Smaller communities, like Hamden, CT aren’t immune. On November 16, 2014 Hamden settled a case against three of its police officers for $70,500. [Register] Hamden has a population of 56,913 and a total budget of $125,124,606 for all town personnel and services. [Hamden] In other words, Hamden just allocated 5.6% of its city budget (not including the school district) in payments for police misconduct.

Vermillion, OH paid out $720,000 to settle an abuse of force case in 2012. [LCO]   One officer in Mount Vernon, NY was responsible for a total of $930,000 in legal fees and settlements between 2009 and 2013, [lohud] and in late 2014 he was involved in yet another incident. [lohud]  This officer is almost the ‘poster child’ for the high cost of excessive force in relatively small urban areas – the total proposed budget for the 68,224 person community was $96,090,198. [MVDV]

These examples are probably more than sufficient to establish two conclusions. First, that there are a small number of officers causing a great deal of pain, and secondly, that while the highest settlement costs are associated with large metropolitan areas the expenses are also a drain on the resources of smaller cities and towns.

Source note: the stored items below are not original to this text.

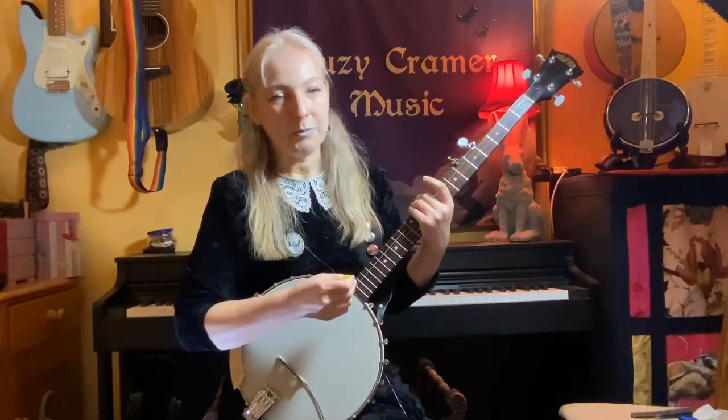Hello and a dark welcome to Banjo Mortis, thanks for tuning in. Today we're going to be looking at the Addams Family theme. I thought that would be a fun one to start with.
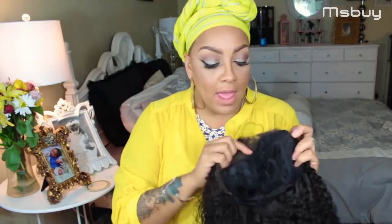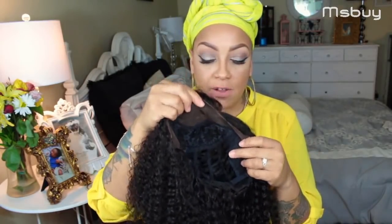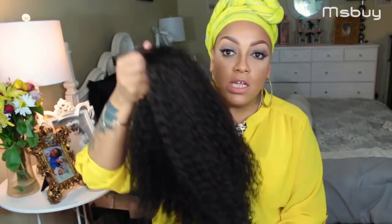I already went ahead and washed it today and put it on my mannequin head outside. Being that it's so hot here in Arizona, it dried within about an hour. There are combs in this unit right by the temples, an adjustable strap at the nape, and you're probably going to get about four inches of parting space. I didn't put a part in it because I was requested to do a curly wig without a part, so we're going to see how that turns out.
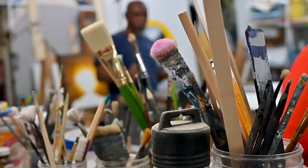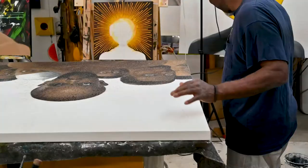I'm Rufus Snoddy and this is my studio. We are located here in Traverse City and this is where I play with my tools and paint.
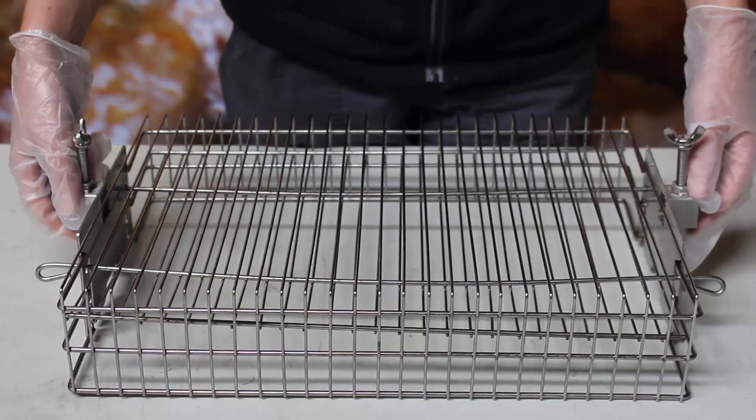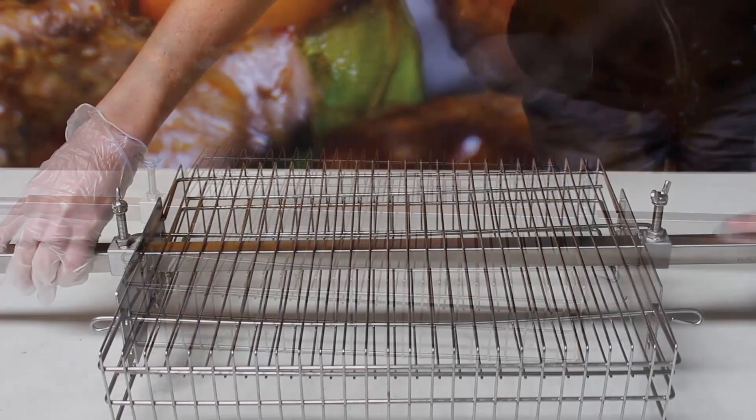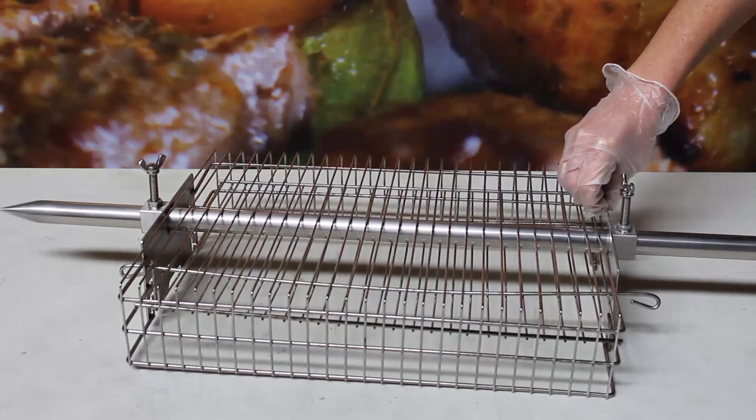In this video, I'm going to be demonstrating the Flaming Coles multi-use basket. As you can see here, it's suitable for attaching to a 25mm square skewer or a 22mm round skewer.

There will assuredly be more litigation in New York Cleveland, Ferguson, St. Louis, and in the wake of the Beavercreek, Ohio Wal-Mart shooting.

No Silver Bullets

In each of the selected cases above there was excessive force which resulted in injury or death, but there is no single Silver Bullet solution for the variety of incidents – some with and without video evidence.  Lapel or body cameras have been shown to be effective in pilot projects such as in Rialto, CA.  However, in the wake of the Eric Garner case they are obviously not the complete answer.  The response needs to be more systemic if local governments are to avoid both the incidents of excessive force and the litigation and settlement costs attached to those incidents.  Rethinking our ‘system’ may be in order – from the recruitment process to the attachment of the camera on the officers’ uniform.  We might ask our local government officials some pertinent questions:

Do the recruitment policies and practices of the police department reflect a desire to diversify the departments along racial, ethnic, and other lines?  Does the department have a long range plan for hiring and training personnel such that the department reflects the community? Does the department attend to records of previous employment, to the psychological fitness of potential recruits, and to the social maturity of those recruits?

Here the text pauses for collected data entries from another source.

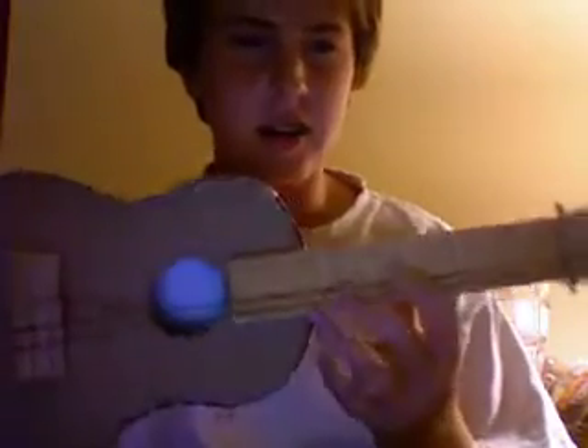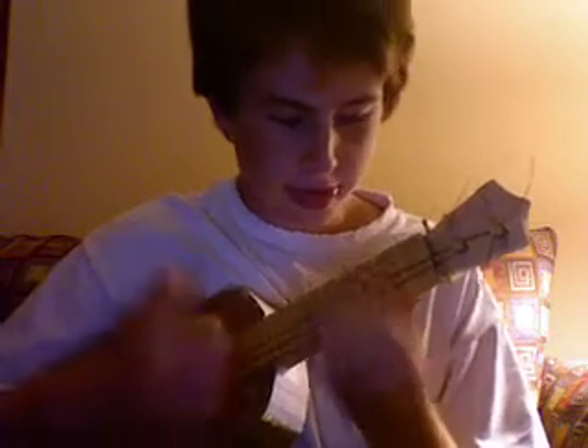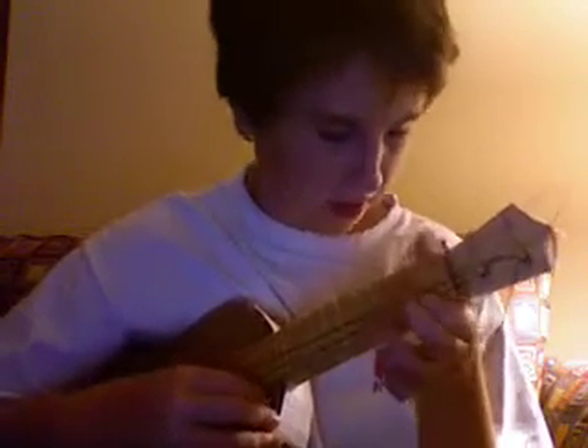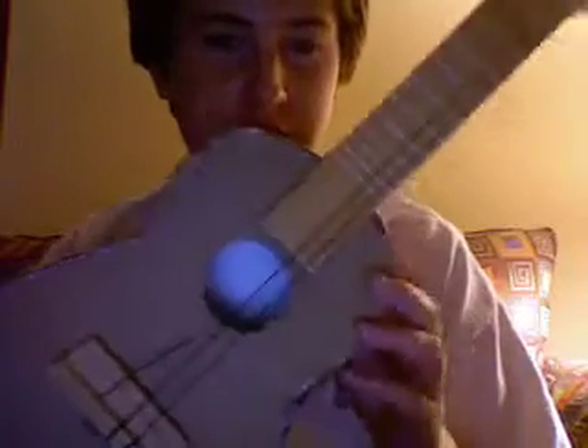This is the cardboard ukulele that me and a friend made yesterday because I had nothing to do when I was home. It's not really in tune or anything because the tuning pegs kind of fell off on the two strings that were there because the hot glue wouldn't hold, but for cardboard it's not that bad. I strung it up with some extra GHS strings that I had.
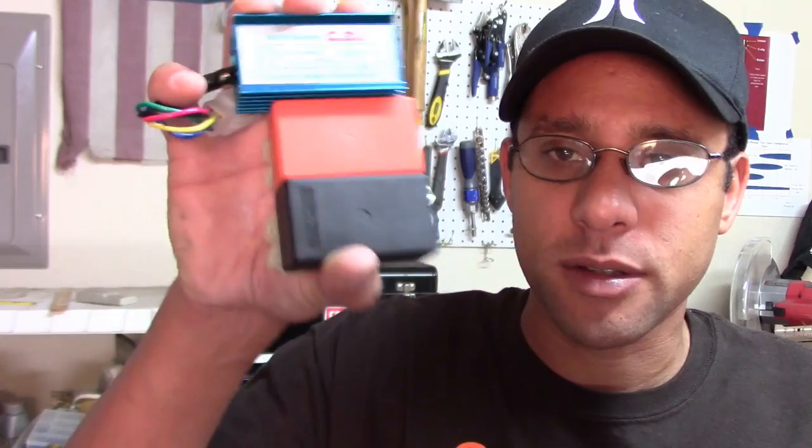Welcome everybody to this week's episode of Joey's Garage. Today I'll be testing out aftermarket CDI computer units for GY6 engines.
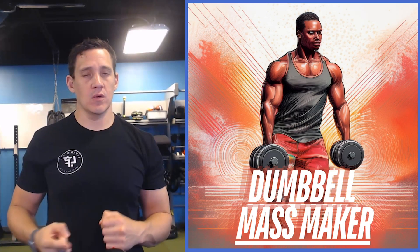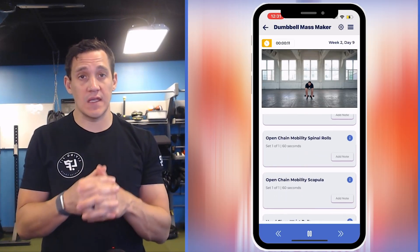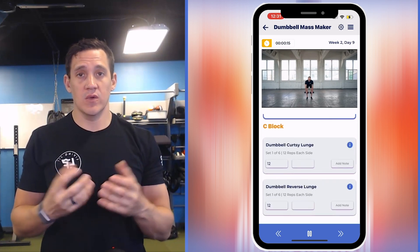This program lasts four weeks and has four total workouts: upper one and two, and lower one and two. This program uses sets and reps to help you achieve the end goal of increasing muscle mass with dumbbells.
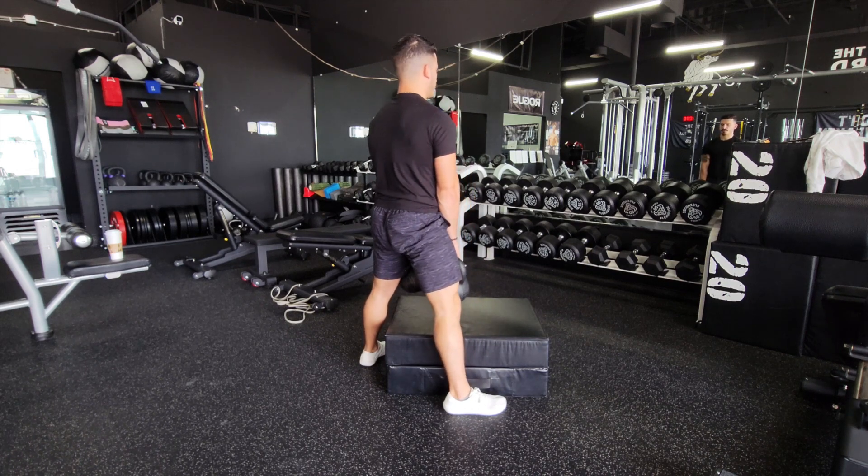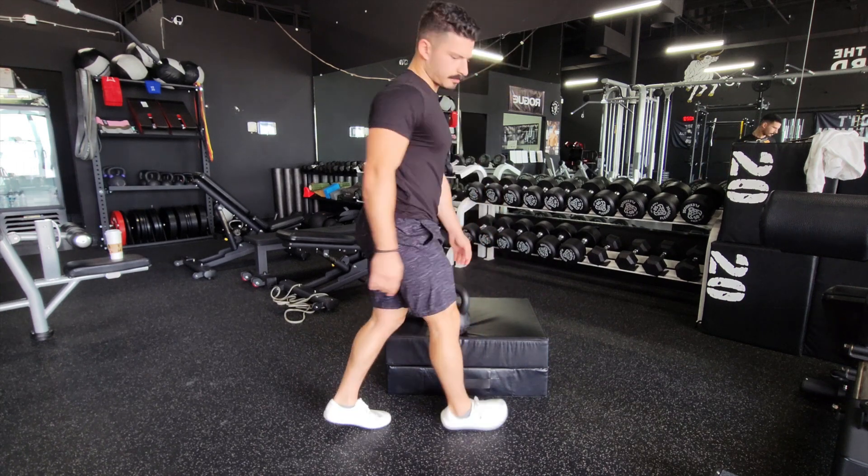Another benefit of the partial range is that you can use a lot heavier weight this way, and this will build up strength without risking injury.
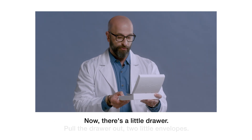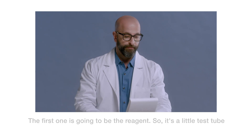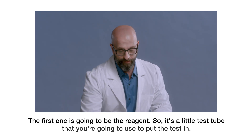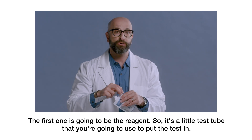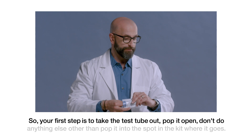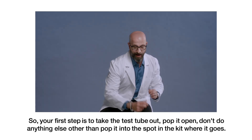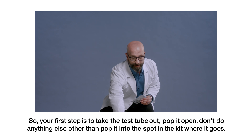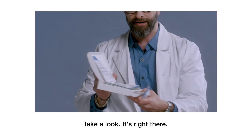Now there's a little drawer — pull the drawer out. Two little envelopes. The first one is going to be the reagent, a little test tube that you're going to use to put the test in. So your first step is to take the test tube out, pop it open, and don't do anything else other than pop it into the spot in the kit where it goes. It's right there.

Does the department have an internal review policy which incorporates input from the community? Is there a civilian review board?  If there is such a board, how is its efficacy measured?  Does the department keep adequate records of police involved incidents and shootings? Are these reported on a regular basis?  How are these incidents investigated?  To whom are the results of the investigations reported?

Does the department have a training program which includes sufficient attention to community policing practices and policies?  What, for example, is the ratio of time spent on self-defense and weapons training to the time spent on community relations and de-escalation techniques?  Is the ratio considered effective – and how is ‘effectiveness’ to the calculated?

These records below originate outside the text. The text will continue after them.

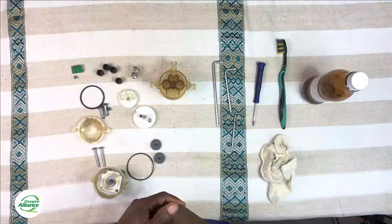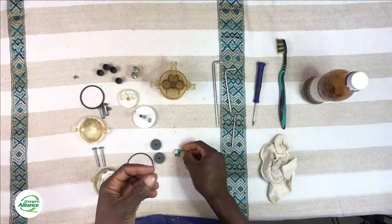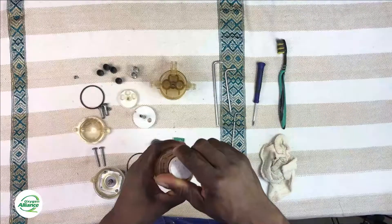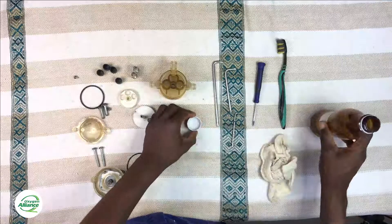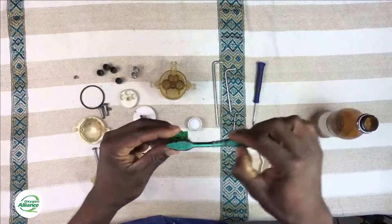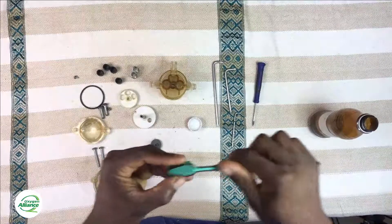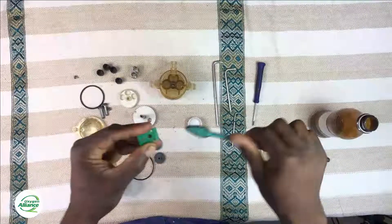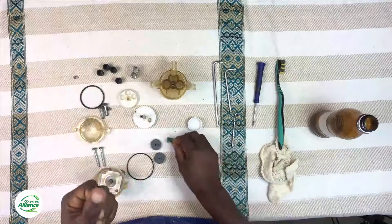Now that we are done with the other components, we can move on to cleaning the Hall effect sensor. When debris blocks the Hall effect sensor, it can start to misbehave. You need some benzene to clean it — benzene is a chemical that easily evaporates, similar to methylated spirit, so you can use either benzene or methylated spirits. Use the toothbrush to brush off all the debris on the Hall effect sensor until it is cleaned up.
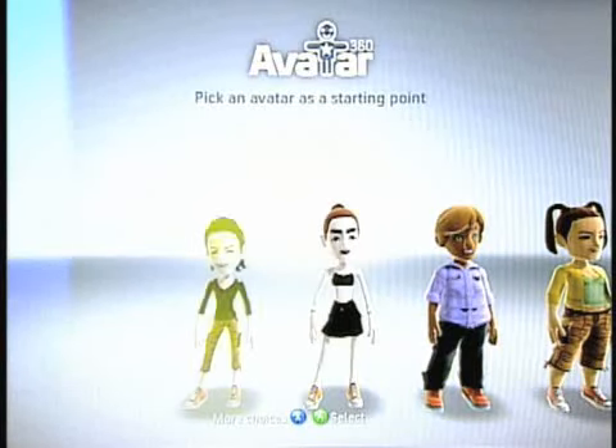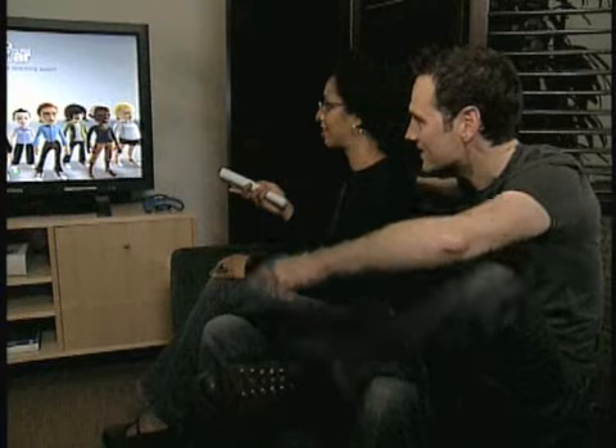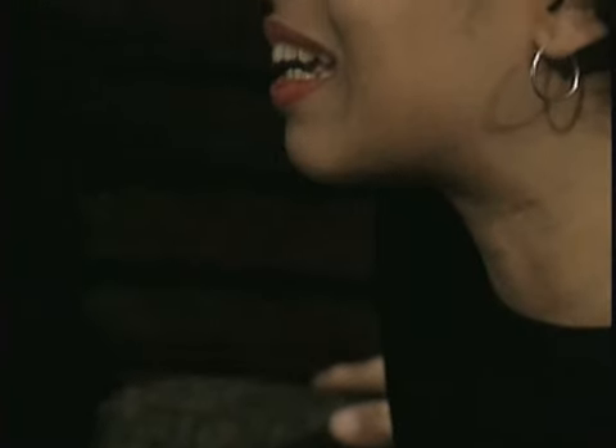I'm going to let you pick one of these, because we can change it. Let's start with the gal in the back with the fauxhawk. This one? Yeah, that works. Why?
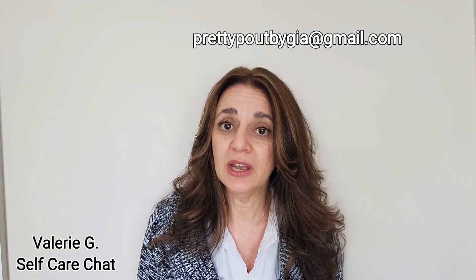This video is for beginners, so if you need some recommendations or would like to know the type of cleanser or moisturizer I use on my skin, you can comment below or email me at prettypoutbygia@gmail.com. I'll leave some information below. Have a nice day!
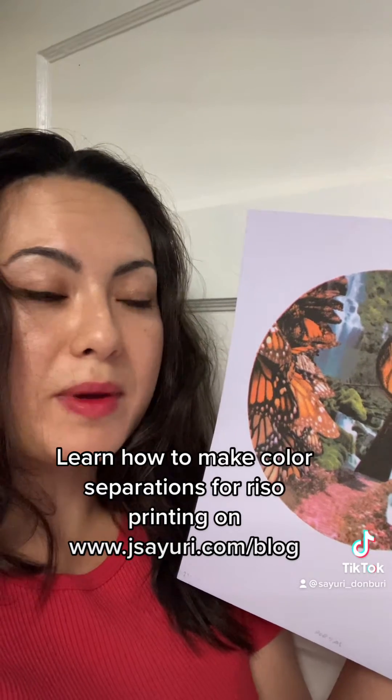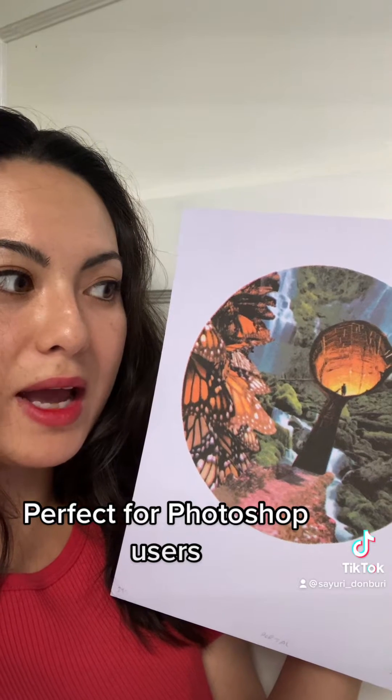Hey, TikTok! I'm going to show you how I made this four-color risograph print. There are pretty detailed instructions on how to do your color separations in Photoshop, and I made a blog article about it with more information there. In this video, I'm going to show you the different masters I made and how I put the yellow, fluorescent pink, aqua blue, and black layers together.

Does the department evaluation scheme provide an adequate alert to flag those officers and other personnel who are replicating unacceptable behavior, and thus prevent the instances of multiple complaints stemming from contacts made by a few officers?  How does the department balance the due process rights of the officers with the necessity of removing evidently unfit personnel?

Does the department have an in-service training program which enhances the likelihood that police/civilian contact will have positive results?  How much time and effort is put into implementing community policing policies and practices? How often and in what circumstances do officers interact with community members? Is the in-service training program effective in terms of replacing negative behaviors and attitudes with a positive work atmosphere?

Given the fragmented nature of police operations in this country, these questions, of necessity, must be answered at the local level; and, the conversation and dialog can’t happen too soon.